Just more than 24 years ago, airline pilot Jérôme Binachon and computer engineer Jean-Paul Monnin had an idea to develop a flight training device that unites different aircraft types in one simulator. That effort produced Alsim’s ALX simulator, and today as the company has evolved, their AL250 and AL172 simulators are being chosen by flight schools worldwide. Alsim has also developed a dedicated Diamond DA42 simulator as well as their Alsim Airliner, which is a hybrid design based on the Airbus A320/Boeing B737 flight decks.
Alsim’s AL250 simulator was chosen recently by Harford Air Services in Churchville, Maryland, after the company’s founder Kevin Hess saw and flew the simulator at EAA AirVenture Oshkosh. “The AL250 will be a welcome new addition in our new hangar. With the real aircraft feel and actual Garmin avionics including a GTN650, it is easy to use and reliable. As an FAA-certified AATD, I know it will be a great lower-cost learning and training tool for all our students and instructors no matter their level of proficiency or number of hours flown,” Hess said. Harford Air is a FAA Part 141 flight school and a partner with the Community College of Baltimore County and is the only flight school in Harford County, Maryland.

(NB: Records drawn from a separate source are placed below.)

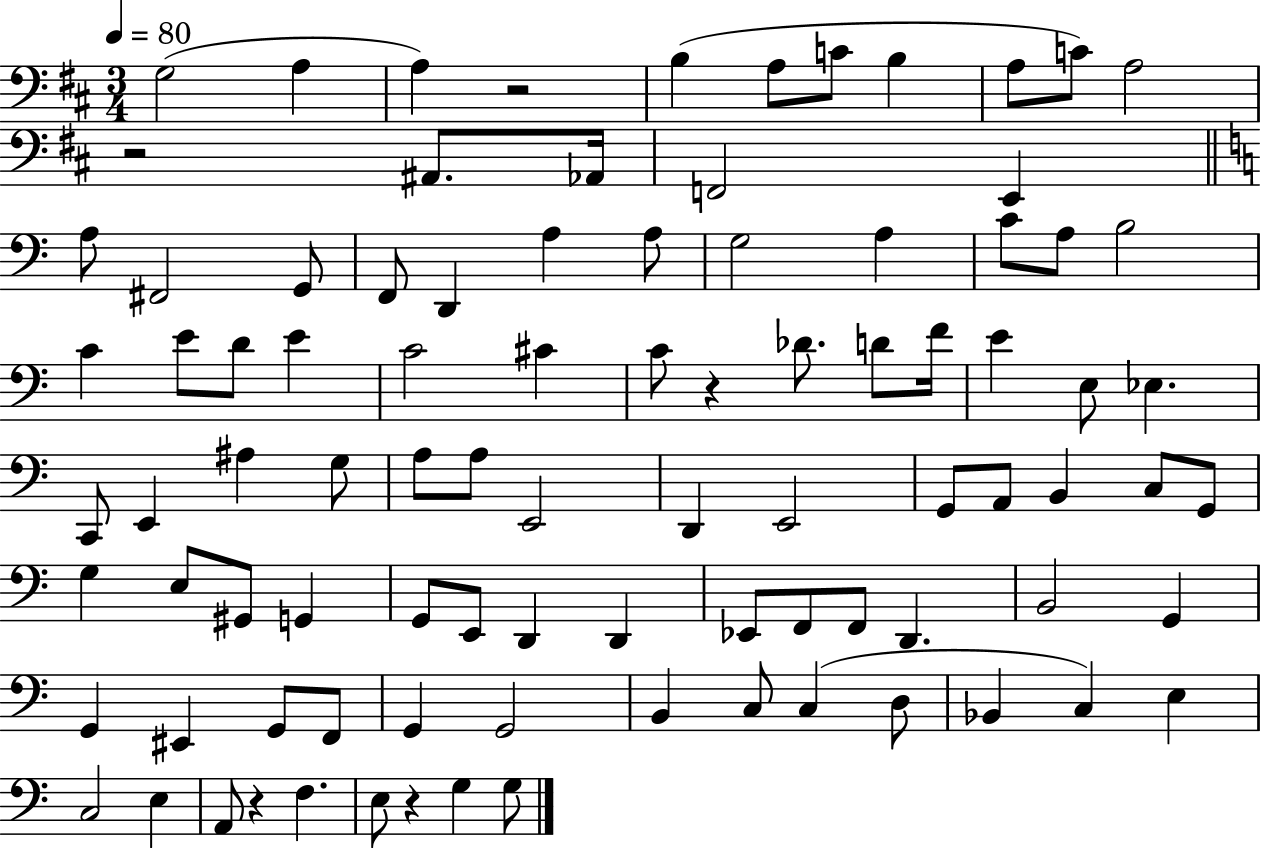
G3/h A3/q A3/q R/h B3/q A3/e C4/e B3/q A3/e C4/e A3/h R/h A#2/e. Ab2/s F2/h E2/q A3/e F#2/h G2/e F2/e D2/q A3/q A3/e G3/h A3/q C4/e A3/e B3/h C4/q E4/e D4/e E4/q C4/h C#4/q C4/e R/q Db4/e. D4/e F4/s E4/q E3/e Eb3/q. C2/e E2/q A#3/q G3/e A3/e A3/e E2/h D2/q E2/h G2/e A2/e B2/q C3/e G2/e G3/q E3/e G#2/e G2/q G2/e E2/e D2/q D2/q Eb2/e F2/e F2/e D2/q. B2/h G2/q G2/q EIS2/q G2/e F2/e G2/q G2/h B2/q C3/e C3/q D3/e Bb2/q C3/q E3/q C3/h E3/q A2/e R/q F3/q. E3/e R/q G3/q G3/e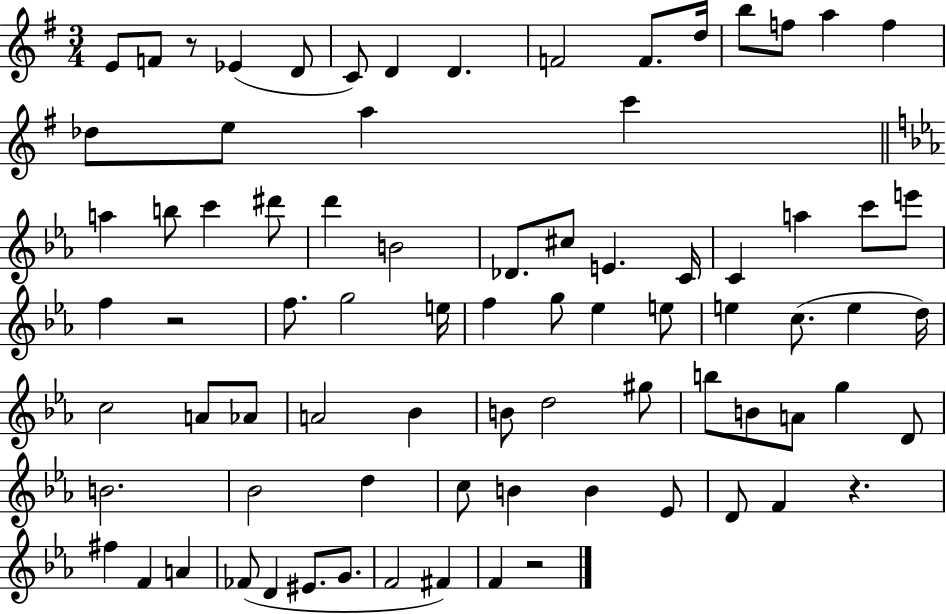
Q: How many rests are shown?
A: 4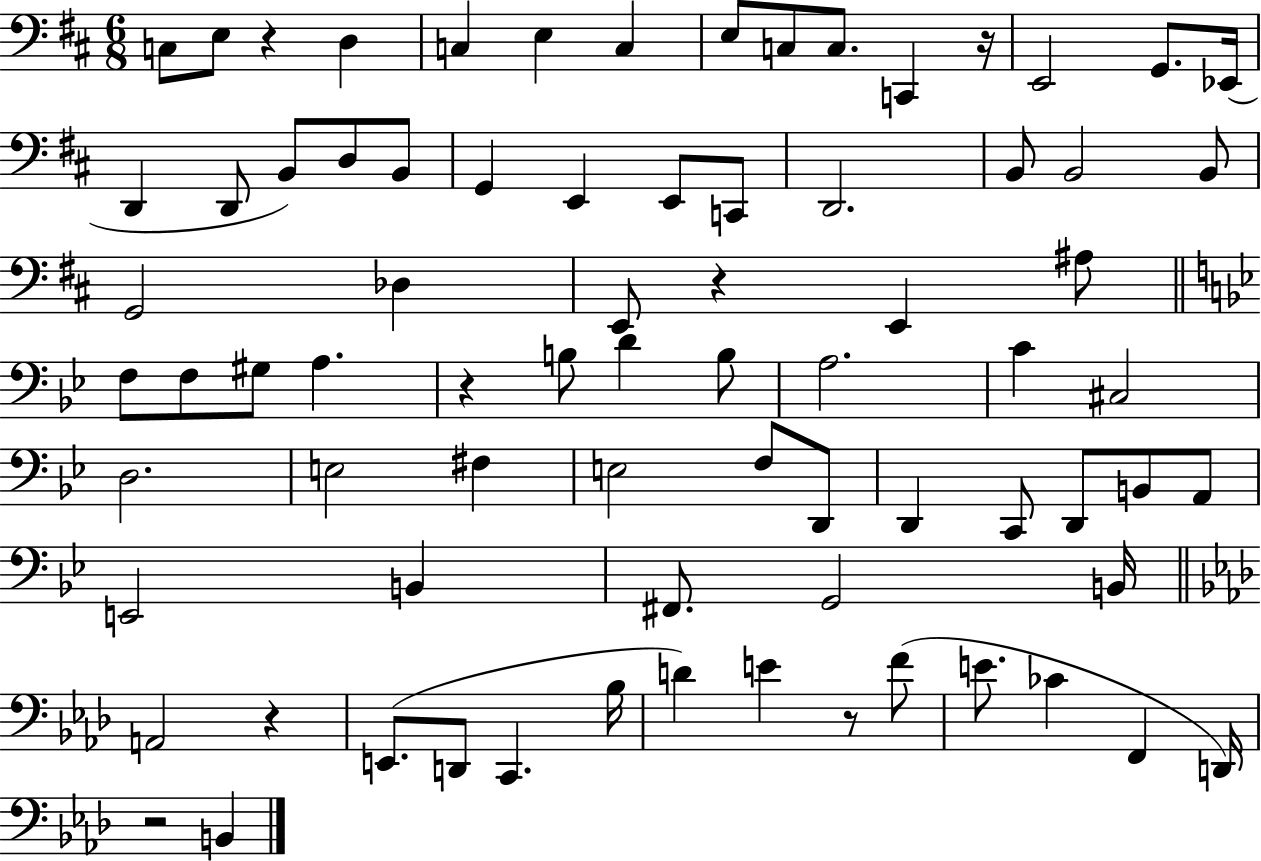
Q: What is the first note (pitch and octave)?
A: C3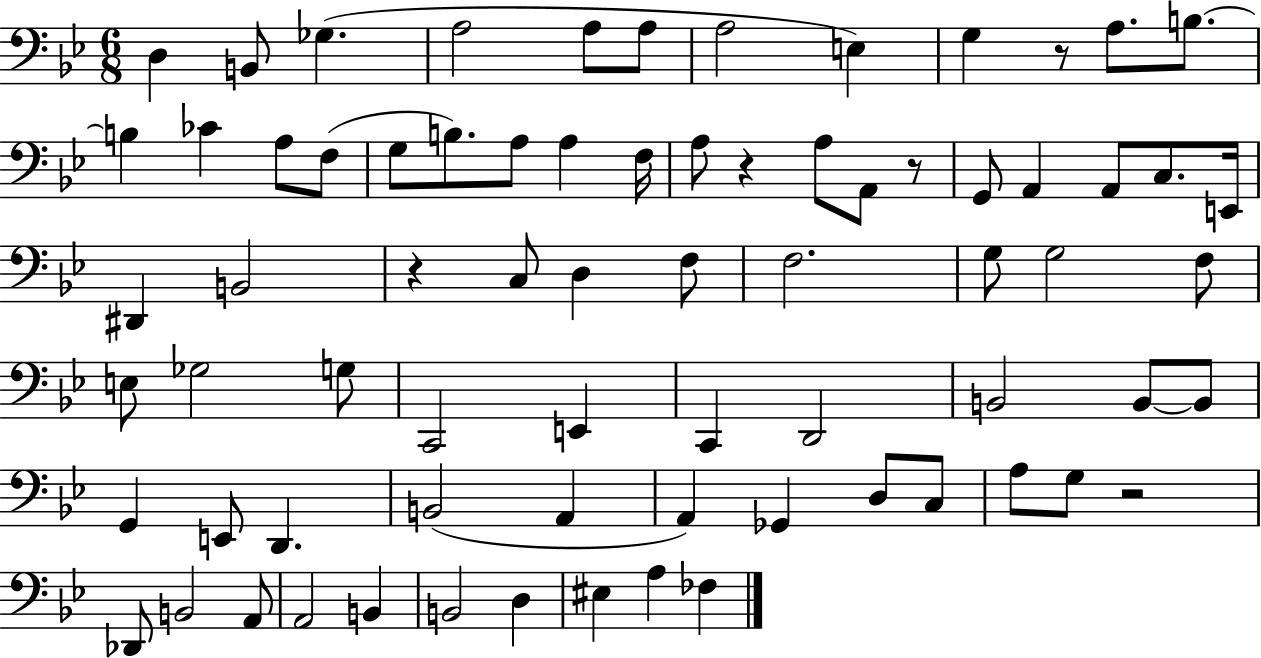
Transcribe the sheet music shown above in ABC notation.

X:1
T:Untitled
M:6/8
L:1/4
K:Bb
D, B,,/2 _G, A,2 A,/2 A,/2 A,2 E, G, z/2 A,/2 B,/2 B, _C A,/2 F,/2 G,/2 B,/2 A,/2 A, F,/4 A,/2 z A,/2 A,,/2 z/2 G,,/2 A,, A,,/2 C,/2 E,,/4 ^D,, B,,2 z C,/2 D, F,/2 F,2 G,/2 G,2 F,/2 E,/2 _G,2 G,/2 C,,2 E,, C,, D,,2 B,,2 B,,/2 B,,/2 G,, E,,/2 D,, B,,2 A,, A,, _G,, D,/2 C,/2 A,/2 G,/2 z2 _D,,/2 B,,2 A,,/2 A,,2 B,, B,,2 D, ^E, A, _F,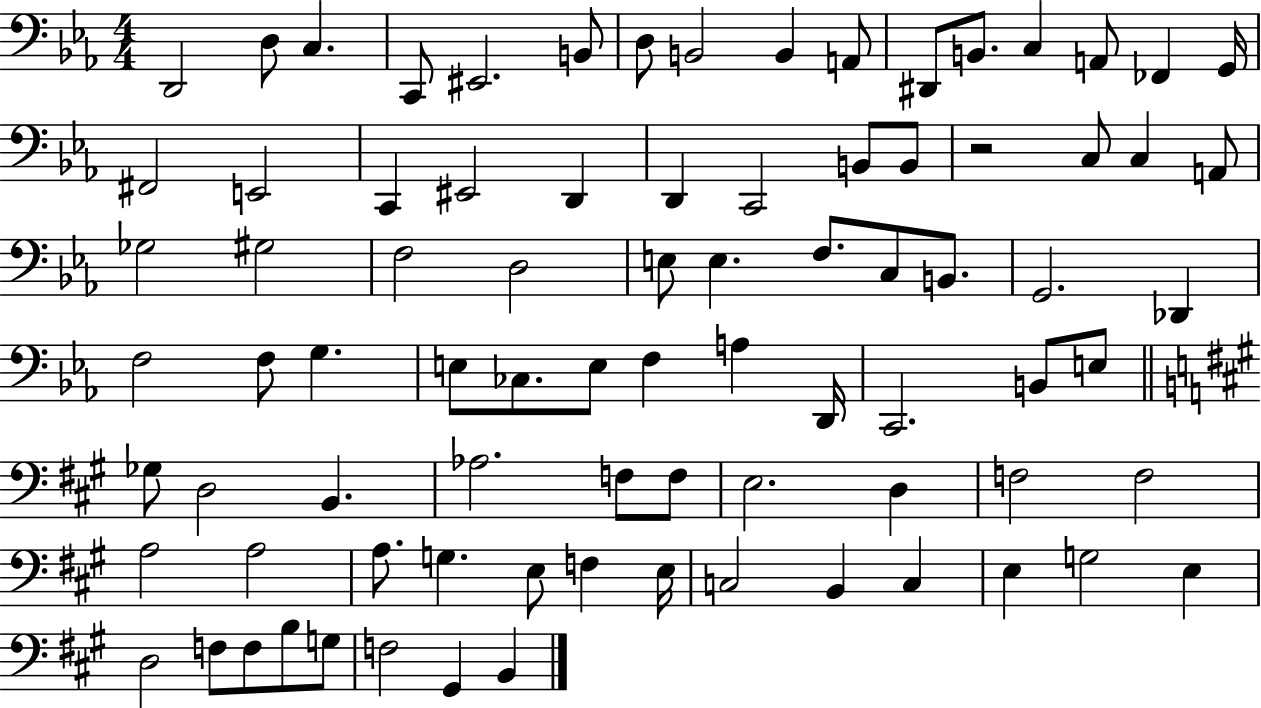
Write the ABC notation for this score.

X:1
T:Untitled
M:4/4
L:1/4
K:Eb
D,,2 D,/2 C, C,,/2 ^E,,2 B,,/2 D,/2 B,,2 B,, A,,/2 ^D,,/2 B,,/2 C, A,,/2 _F,, G,,/4 ^F,,2 E,,2 C,, ^E,,2 D,, D,, C,,2 B,,/2 B,,/2 z2 C,/2 C, A,,/2 _G,2 ^G,2 F,2 D,2 E,/2 E, F,/2 C,/2 B,,/2 G,,2 _D,, F,2 F,/2 G, E,/2 _C,/2 E,/2 F, A, D,,/4 C,,2 B,,/2 E,/2 _G,/2 D,2 B,, _A,2 F,/2 F,/2 E,2 D, F,2 F,2 A,2 A,2 A,/2 G, E,/2 F, E,/4 C,2 B,, C, E, G,2 E, D,2 F,/2 F,/2 B,/2 G,/2 F,2 ^G,, B,,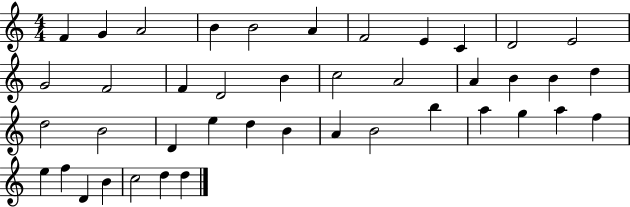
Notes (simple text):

F4/q G4/q A4/h B4/q B4/h A4/q F4/h E4/q C4/q D4/h E4/h G4/h F4/h F4/q D4/h B4/q C5/h A4/h A4/q B4/q B4/q D5/q D5/h B4/h D4/q E5/q D5/q B4/q A4/q B4/h B5/q A5/q G5/q A5/q F5/q E5/q F5/q D4/q B4/q C5/h D5/q D5/q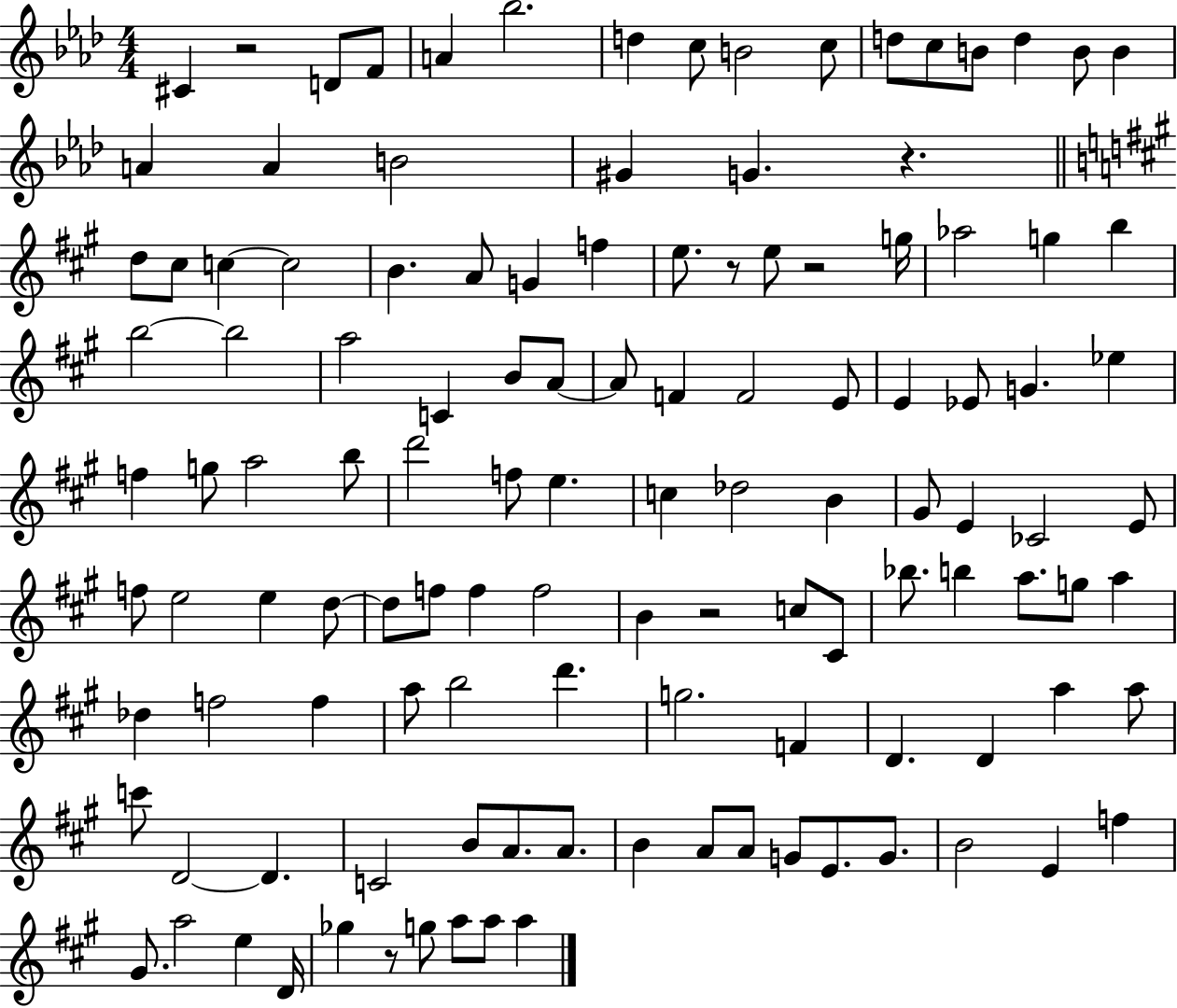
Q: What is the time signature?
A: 4/4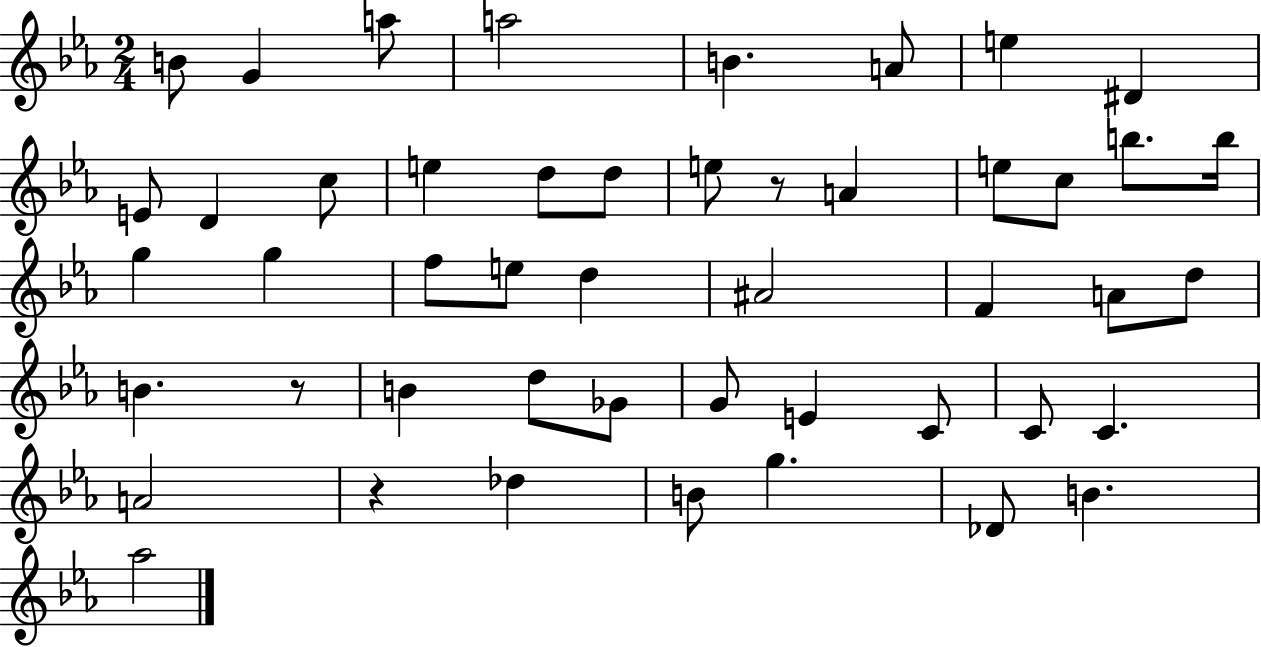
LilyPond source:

{
  \clef treble
  \numericTimeSignature
  \time 2/4
  \key ees \major
  b'8 g'4 a''8 | a''2 | b'4. a'8 | e''4 dis'4 | \break e'8 d'4 c''8 | e''4 d''8 d''8 | e''8 r8 a'4 | e''8 c''8 b''8. b''16 | \break g''4 g''4 | f''8 e''8 d''4 | ais'2 | f'4 a'8 d''8 | \break b'4. r8 | b'4 d''8 ges'8 | g'8 e'4 c'8 | c'8 c'4. | \break a'2 | r4 des''4 | b'8 g''4. | des'8 b'4. | \break aes''2 | \bar "|."
}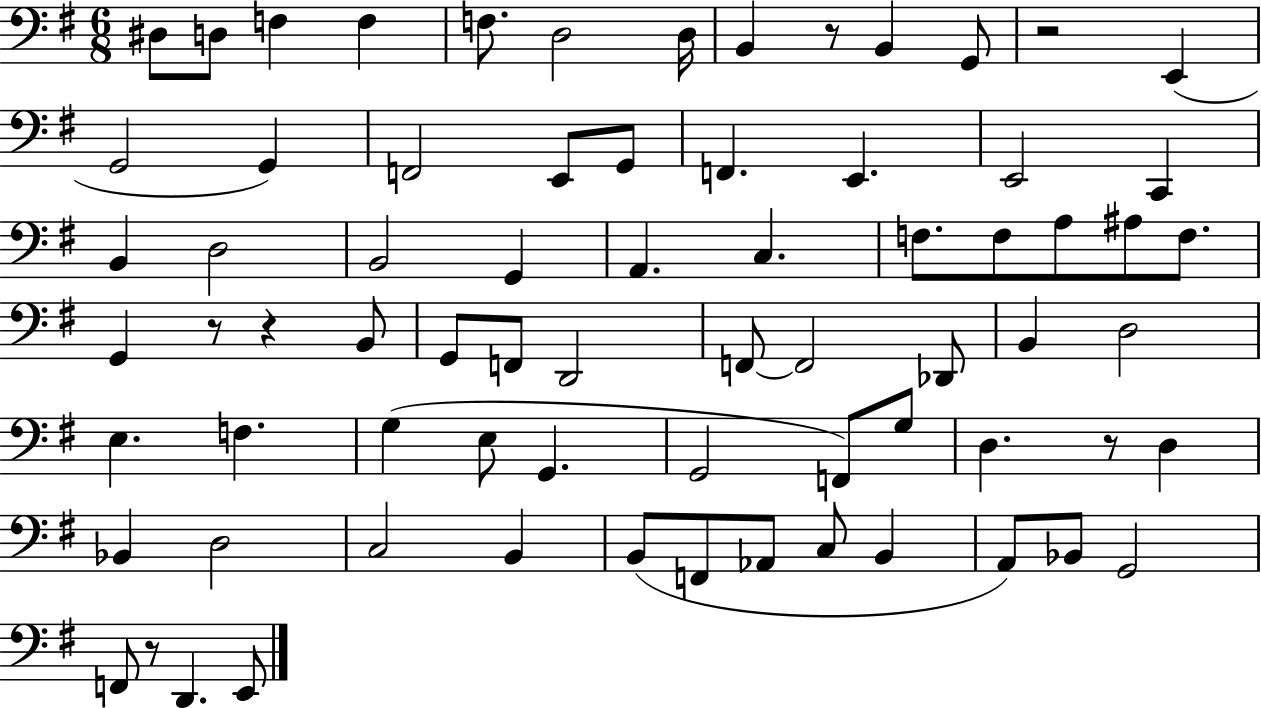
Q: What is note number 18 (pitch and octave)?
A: E2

Lanier Flight Center in Georgia chose Alsim’s AL172 MKII simulator to augment their fleet of Cessna 172 training aircraft as it is an exact replica of the Cessna 172 SP Skyhawk Nav III. Lanier’s AL172 features real Garmin G1000 NXi avionics and is equipped with the latest Alsim VFR Visual System (VFRVS). “Due to the VFRVS matched to the accurate force feedback,” Lanier stated, “our new AL250 provides students with the sense of motion in a fixed-base device. This immersion and depth perception allow the simulator to be used for basic private pilot, instrument instruction, and other flight training, cutting down time and costs required in an aircraft.” Lanier’s AL172 simulator was purchased with assistance from Sky Allies Capital, an Alsim partner based in Las Vegas that provides airplane, simulator and aviation equipment financing.
“We see the aviation world making a strong comeback post COVID-19,” said Troy Wheeler, president of Lanier. “Now appeared to be the perfect time to purchase a high-fidelity simulator that we can cement into our curriculum and enhance the training environment and experience.”
Speaking to the cost savings flight schools can offer students, Alsim’s North America Manager Scott Firsing said their simulators provide a significant cost savings when you factor in the expense of conducting the same training in actual aircraft. “Items like fuel and insurance costs, hard landings, 100-hour checks and other maintenance make training inherently expensive. Schools have to find effective and innovative ways to reduce costs while maintaining operational excellence. Even before COVID-19, but definitely now in mid-2020, flight school owners realize the arrival of technology such as new flight simulators will win tomorrow,” Firsing stated.